Monday, August 22, 2011

Additional Thoughts on Storming the Winter Palace



Galina Alexandrovna Zubchenko, Storming of the Winter Palace


As we've been hearing lately, Tripoli has fallen to the Libyan rebels, suddenly, unexpectedly, and joyous throngs filled Green -- now to be renamed "Martyr's" -- Square in the center of the city. The surviving sons of The Devil Gadhafi have been 'detained' as they say and the hunt for the Old Devil is on. Has he escaped the country? Did he commit suicide? Has he been captured by one of the rebel factions? Where is he?

Of course the stories and the scenes remind us all of the astonishing events across North Africa and in the Middle East and Arabian Peninsula. During the past year, one Arab dictator after another has been toppled by some force of People's Will that no one can quite fathom, but inspiration has been reverberating around the world.

Even the most bone stupid of Our Overlords seem to realize that not only is there something happening here, but it's spreading, and more and more it's becoming apparent that this global liberationist movement is driven by rebellion against the Haves Who Demand and Take More from those who have little. Or nothing.

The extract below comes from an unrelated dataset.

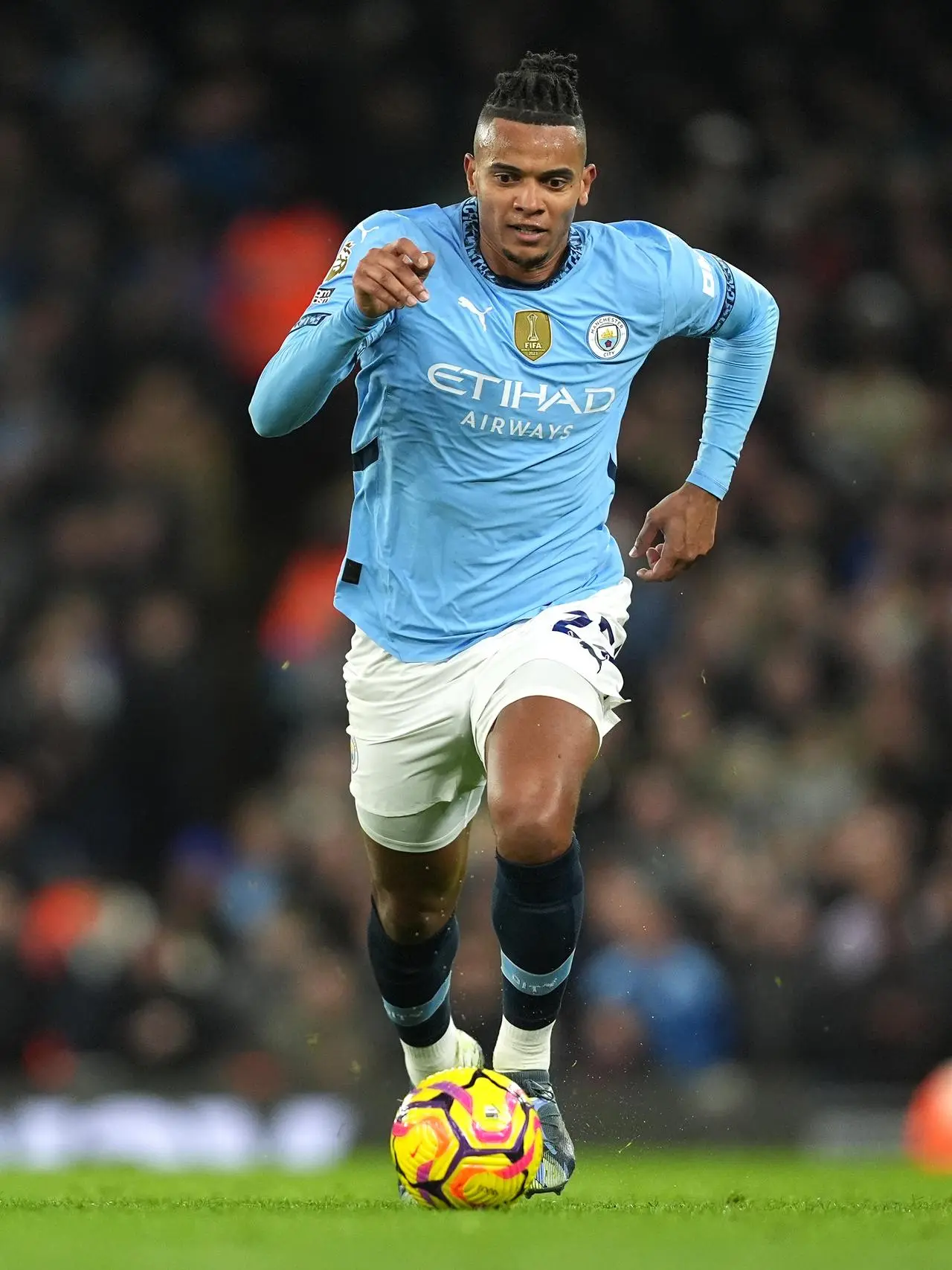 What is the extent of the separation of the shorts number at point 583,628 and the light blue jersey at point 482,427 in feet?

Yes, of course it is a classic class struggle, involving what passes for the bourgeoisie demanding respect and justice from and for their Betters. The Aristos are being beaten back everywhere by their own retainers in many cases. And what of the struggling masses? They join in struggle against the High and the Mighty, but wisely, they take nothing for granted. A rebellion may succeed, but has a Revolution really taken place? We await developments.

And of course all of this tumult evokes the extraordinary events of November 7-8, 1917, in Petrograd, Russia. The Tsar's regime had already fallen in February, but the replacement Republic and later Provisional government was little more than an empty shell, a Potemkin government, if you will. Worse, it continued Russia's bloody and destructive involvement in WWI, fighting the Germans on the West.

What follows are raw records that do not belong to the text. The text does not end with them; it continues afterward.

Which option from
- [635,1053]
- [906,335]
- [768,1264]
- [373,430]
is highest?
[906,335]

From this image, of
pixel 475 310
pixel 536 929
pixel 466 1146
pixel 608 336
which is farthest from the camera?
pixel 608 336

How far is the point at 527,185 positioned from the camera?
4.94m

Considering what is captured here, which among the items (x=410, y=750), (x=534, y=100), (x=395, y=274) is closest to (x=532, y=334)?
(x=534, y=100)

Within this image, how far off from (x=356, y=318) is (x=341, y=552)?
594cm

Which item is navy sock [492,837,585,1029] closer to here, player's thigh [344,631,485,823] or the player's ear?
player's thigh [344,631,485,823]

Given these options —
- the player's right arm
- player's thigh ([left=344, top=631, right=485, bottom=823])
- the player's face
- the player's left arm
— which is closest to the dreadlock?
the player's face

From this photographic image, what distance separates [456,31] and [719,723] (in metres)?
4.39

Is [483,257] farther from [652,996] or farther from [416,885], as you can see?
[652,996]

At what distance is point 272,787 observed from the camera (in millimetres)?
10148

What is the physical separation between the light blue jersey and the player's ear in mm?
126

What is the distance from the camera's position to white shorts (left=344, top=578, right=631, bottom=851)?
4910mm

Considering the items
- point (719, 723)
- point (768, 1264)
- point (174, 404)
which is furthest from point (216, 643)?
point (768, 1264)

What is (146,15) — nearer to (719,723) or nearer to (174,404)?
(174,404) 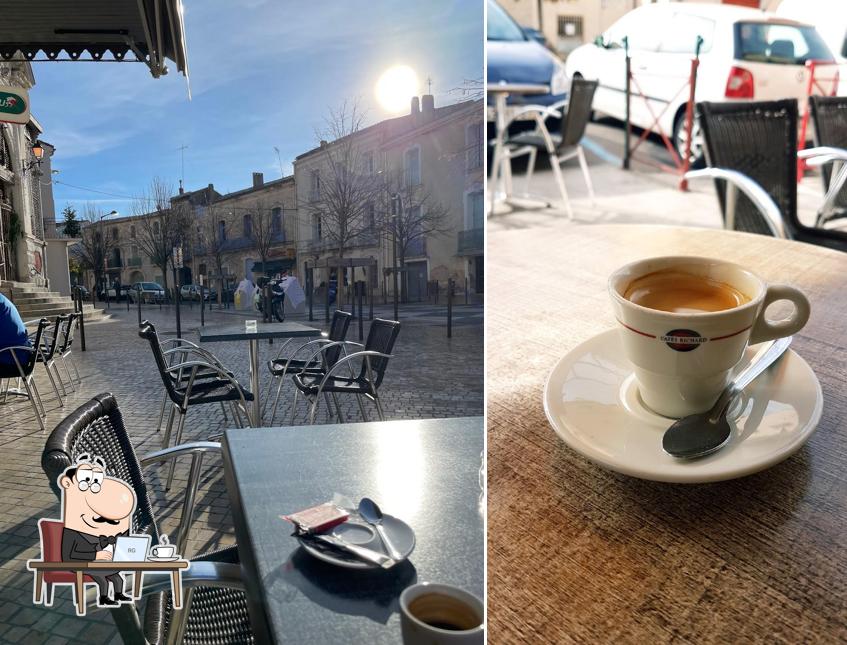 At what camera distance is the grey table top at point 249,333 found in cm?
127

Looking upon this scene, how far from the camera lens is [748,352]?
53cm

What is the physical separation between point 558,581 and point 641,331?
0.15m

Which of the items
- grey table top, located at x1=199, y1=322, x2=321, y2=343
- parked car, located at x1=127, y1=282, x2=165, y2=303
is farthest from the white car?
parked car, located at x1=127, y1=282, x2=165, y2=303

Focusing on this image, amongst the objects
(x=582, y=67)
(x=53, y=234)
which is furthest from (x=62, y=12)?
(x=582, y=67)

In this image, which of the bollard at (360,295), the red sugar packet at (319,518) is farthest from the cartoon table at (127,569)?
the bollard at (360,295)

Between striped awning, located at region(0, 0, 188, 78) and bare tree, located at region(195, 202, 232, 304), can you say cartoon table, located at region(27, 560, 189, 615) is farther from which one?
striped awning, located at region(0, 0, 188, 78)

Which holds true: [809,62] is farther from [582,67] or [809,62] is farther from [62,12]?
[62,12]

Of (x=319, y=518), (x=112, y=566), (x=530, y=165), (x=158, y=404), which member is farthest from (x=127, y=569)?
(x=530, y=165)

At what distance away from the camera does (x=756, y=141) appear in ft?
6.94

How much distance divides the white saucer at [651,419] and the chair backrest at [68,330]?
101cm

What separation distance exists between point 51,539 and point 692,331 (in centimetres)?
76

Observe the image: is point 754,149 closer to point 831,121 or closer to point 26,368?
point 831,121

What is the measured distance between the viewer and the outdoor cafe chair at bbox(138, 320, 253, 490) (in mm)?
1204

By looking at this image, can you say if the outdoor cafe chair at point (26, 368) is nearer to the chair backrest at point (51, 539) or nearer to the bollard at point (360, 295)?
the chair backrest at point (51, 539) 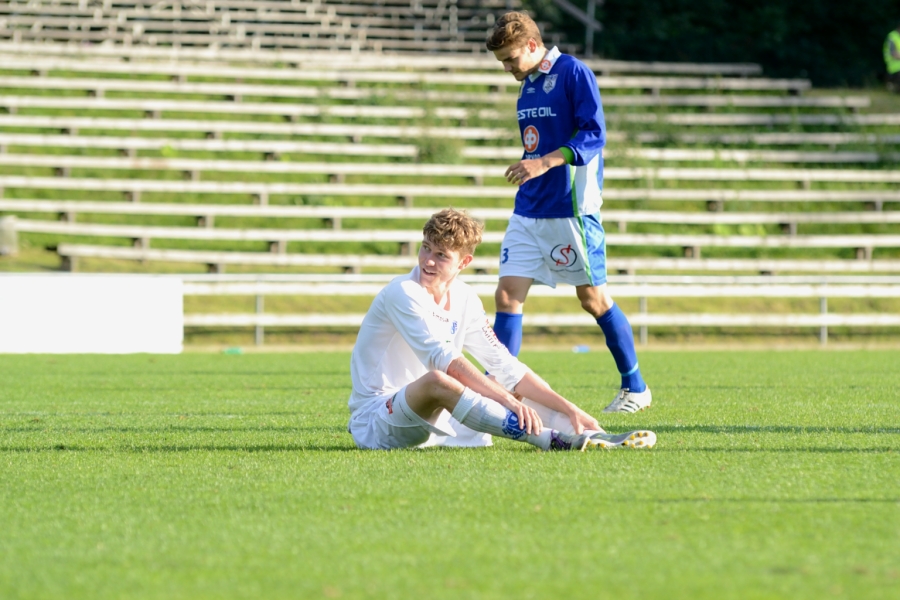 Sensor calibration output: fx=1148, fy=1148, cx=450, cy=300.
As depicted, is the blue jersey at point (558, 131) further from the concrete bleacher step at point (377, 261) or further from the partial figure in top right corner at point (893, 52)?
the partial figure in top right corner at point (893, 52)

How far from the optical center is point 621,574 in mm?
2748

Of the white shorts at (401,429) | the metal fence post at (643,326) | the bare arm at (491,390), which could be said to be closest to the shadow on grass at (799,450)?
the bare arm at (491,390)

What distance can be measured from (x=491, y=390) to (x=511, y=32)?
2492mm

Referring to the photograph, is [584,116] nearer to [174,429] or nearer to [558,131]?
[558,131]

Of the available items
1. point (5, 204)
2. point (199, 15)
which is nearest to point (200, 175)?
point (5, 204)

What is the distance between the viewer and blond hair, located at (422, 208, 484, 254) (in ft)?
15.0

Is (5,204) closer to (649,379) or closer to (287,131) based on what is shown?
(287,131)

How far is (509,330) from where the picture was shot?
6.50 metres

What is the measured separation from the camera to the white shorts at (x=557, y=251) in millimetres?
6625

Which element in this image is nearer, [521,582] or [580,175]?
[521,582]

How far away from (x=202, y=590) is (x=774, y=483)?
215 cm

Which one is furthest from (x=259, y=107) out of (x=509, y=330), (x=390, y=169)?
(x=509, y=330)

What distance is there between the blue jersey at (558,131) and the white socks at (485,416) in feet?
7.40

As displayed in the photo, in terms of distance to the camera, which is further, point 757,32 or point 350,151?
point 757,32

During the days leading up to the October Revolution (November, by the Western calendar), the Bolsheviks had taken control of most of the ministries and communications in Petrograd which left what remained of the Provisional Government, headed by Alexander Kerensky, holed up in the Winter Palace trying to figure out what to do now.

The Winter Palace was the symbol of Russian rule, and whoever held it was by definition the Ruling Party of the Russian Empire, or Republic, or... soon to be Soviet Union.

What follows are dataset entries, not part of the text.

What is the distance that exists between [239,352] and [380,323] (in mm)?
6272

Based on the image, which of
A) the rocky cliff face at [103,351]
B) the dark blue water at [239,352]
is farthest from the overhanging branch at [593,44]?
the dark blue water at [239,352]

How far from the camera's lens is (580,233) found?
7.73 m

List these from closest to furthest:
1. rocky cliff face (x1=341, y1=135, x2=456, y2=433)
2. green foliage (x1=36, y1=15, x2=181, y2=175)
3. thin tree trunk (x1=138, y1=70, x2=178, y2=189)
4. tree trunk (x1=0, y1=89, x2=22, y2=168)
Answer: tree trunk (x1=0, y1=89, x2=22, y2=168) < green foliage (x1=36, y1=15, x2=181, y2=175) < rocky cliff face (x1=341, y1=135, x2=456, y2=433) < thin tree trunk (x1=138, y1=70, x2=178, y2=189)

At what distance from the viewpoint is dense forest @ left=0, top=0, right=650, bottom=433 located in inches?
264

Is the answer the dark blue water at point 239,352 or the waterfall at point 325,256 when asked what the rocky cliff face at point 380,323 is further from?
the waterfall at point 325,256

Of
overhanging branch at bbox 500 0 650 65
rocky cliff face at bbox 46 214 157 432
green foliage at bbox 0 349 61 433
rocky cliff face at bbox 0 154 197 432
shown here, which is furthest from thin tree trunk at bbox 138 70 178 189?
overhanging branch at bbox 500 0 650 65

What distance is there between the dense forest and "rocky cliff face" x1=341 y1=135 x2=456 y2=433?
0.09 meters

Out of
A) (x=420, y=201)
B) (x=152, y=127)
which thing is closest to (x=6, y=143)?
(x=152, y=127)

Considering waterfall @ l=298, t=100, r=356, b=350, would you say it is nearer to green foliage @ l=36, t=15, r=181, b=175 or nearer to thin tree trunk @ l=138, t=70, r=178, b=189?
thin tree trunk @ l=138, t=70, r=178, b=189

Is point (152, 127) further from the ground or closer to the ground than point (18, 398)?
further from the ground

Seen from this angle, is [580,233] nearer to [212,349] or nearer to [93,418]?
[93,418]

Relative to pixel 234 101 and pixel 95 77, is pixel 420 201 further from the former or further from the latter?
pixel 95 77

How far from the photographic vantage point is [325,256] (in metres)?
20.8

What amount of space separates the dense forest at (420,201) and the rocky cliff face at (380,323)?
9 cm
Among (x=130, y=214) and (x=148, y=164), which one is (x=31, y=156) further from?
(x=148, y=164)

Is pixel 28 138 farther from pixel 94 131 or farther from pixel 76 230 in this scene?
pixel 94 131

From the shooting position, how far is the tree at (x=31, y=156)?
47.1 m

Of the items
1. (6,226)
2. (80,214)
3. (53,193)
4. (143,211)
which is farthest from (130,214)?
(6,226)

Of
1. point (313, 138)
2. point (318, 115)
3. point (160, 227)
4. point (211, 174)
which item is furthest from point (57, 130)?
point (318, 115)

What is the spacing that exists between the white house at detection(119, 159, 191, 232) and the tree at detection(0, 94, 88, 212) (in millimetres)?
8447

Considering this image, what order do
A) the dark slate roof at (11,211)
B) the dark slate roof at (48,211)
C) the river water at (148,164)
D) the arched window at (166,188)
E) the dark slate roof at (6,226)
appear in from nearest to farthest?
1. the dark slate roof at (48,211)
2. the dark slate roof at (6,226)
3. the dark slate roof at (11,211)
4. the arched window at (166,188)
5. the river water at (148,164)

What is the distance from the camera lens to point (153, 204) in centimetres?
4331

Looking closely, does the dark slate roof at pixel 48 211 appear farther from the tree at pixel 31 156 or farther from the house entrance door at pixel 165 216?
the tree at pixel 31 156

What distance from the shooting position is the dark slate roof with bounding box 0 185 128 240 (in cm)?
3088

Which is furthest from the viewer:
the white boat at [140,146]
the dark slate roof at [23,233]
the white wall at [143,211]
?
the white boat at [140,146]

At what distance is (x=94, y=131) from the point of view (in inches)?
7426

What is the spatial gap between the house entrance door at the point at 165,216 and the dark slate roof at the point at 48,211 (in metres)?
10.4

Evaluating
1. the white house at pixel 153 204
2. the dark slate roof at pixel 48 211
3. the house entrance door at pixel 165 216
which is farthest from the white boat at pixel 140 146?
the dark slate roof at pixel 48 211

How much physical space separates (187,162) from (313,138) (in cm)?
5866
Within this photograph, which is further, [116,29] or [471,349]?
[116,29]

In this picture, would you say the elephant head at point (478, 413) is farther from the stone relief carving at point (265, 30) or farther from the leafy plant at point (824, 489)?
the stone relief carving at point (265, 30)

The Bolsheviks, along with rest of the Congress of Soviets were meeting at the Smolny Institute a few miles away from the Winter Palace down the Neva River. Through strategy and oratory, they gained the upper hand over the Provisionals in a more or less democratic process and declared the Provisional Government defunct. This is a copy of the very famous proclamation issued October 25 (November 7) by the Bolsheviks:





The Storming of the Winter Palace would occur shortly, just as soon as a fleet of vehicles could rush from the Smolny to the Winter Palace Square, the vast open space in front of the Palace entered through the Red Arch and centered on the Alexander Column.



[The red building in the background is the Winter Palace (aka The Hermitage). It was painted a dusky red at the time of the Revolution. Now it is painted green and white with gold accents. Pretty!]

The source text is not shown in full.